DATA TO PROCESS —

--------------------

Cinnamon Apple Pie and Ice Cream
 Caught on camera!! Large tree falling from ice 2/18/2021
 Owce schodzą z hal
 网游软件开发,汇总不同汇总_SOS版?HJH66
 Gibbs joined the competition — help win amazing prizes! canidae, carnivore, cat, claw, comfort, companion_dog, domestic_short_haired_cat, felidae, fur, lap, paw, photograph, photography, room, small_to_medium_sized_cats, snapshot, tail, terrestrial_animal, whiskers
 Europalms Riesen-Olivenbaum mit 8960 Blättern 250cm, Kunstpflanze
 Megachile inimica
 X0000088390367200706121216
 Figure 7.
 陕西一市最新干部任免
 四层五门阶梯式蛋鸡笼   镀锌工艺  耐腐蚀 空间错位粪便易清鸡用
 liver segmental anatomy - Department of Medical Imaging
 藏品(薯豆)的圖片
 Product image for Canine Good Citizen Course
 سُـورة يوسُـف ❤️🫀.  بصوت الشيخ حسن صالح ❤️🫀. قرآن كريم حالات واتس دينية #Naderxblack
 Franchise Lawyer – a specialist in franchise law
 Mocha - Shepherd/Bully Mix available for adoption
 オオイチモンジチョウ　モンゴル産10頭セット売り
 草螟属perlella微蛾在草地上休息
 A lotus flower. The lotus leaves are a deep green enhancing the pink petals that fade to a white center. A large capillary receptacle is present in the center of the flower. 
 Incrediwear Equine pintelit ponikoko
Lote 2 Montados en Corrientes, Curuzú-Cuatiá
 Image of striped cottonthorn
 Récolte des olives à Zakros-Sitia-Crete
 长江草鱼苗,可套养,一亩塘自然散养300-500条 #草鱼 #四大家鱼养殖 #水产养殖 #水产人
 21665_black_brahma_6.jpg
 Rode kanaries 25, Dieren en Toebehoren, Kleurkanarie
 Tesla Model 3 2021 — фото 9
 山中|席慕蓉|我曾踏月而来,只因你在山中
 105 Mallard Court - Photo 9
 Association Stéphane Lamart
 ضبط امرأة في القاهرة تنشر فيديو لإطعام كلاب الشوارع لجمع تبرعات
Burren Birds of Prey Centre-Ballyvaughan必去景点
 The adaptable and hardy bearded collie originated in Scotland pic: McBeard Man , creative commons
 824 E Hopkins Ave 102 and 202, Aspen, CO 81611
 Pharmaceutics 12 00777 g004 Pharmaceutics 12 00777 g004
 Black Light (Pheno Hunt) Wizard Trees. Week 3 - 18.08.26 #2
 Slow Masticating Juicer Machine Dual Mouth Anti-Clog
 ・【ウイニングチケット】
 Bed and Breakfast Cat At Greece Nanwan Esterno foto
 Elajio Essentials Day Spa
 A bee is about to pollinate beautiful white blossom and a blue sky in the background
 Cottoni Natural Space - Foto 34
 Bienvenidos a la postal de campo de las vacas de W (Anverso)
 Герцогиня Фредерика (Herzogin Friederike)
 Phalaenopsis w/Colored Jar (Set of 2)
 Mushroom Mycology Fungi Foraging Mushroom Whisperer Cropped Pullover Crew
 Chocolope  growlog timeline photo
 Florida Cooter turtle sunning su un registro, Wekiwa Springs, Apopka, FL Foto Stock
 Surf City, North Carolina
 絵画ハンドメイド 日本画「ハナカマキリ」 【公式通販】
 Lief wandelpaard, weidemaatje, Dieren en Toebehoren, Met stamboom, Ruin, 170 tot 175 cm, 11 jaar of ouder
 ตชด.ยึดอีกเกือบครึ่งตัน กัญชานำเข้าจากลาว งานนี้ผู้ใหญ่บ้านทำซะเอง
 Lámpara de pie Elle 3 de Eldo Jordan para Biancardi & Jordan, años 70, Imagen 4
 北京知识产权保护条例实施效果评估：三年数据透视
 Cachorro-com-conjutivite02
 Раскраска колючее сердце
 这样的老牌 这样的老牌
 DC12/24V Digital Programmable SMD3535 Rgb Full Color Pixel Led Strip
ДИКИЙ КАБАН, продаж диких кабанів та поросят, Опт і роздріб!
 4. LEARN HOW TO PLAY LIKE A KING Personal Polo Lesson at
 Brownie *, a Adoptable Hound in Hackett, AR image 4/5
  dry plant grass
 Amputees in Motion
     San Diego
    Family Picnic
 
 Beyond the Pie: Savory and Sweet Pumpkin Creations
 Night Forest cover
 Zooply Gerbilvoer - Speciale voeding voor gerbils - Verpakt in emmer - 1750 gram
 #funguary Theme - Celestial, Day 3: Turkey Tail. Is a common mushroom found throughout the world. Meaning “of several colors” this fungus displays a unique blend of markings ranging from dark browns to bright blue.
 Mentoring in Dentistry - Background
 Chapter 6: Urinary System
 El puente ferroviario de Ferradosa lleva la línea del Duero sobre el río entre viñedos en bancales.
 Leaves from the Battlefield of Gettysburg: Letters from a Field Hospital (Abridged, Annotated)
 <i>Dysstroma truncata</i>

--------------------

TASK ITEM — Going through the records above, count the lines that include the word "Dieren". Give the number alone.

RESULT FOR THIS TASK — 2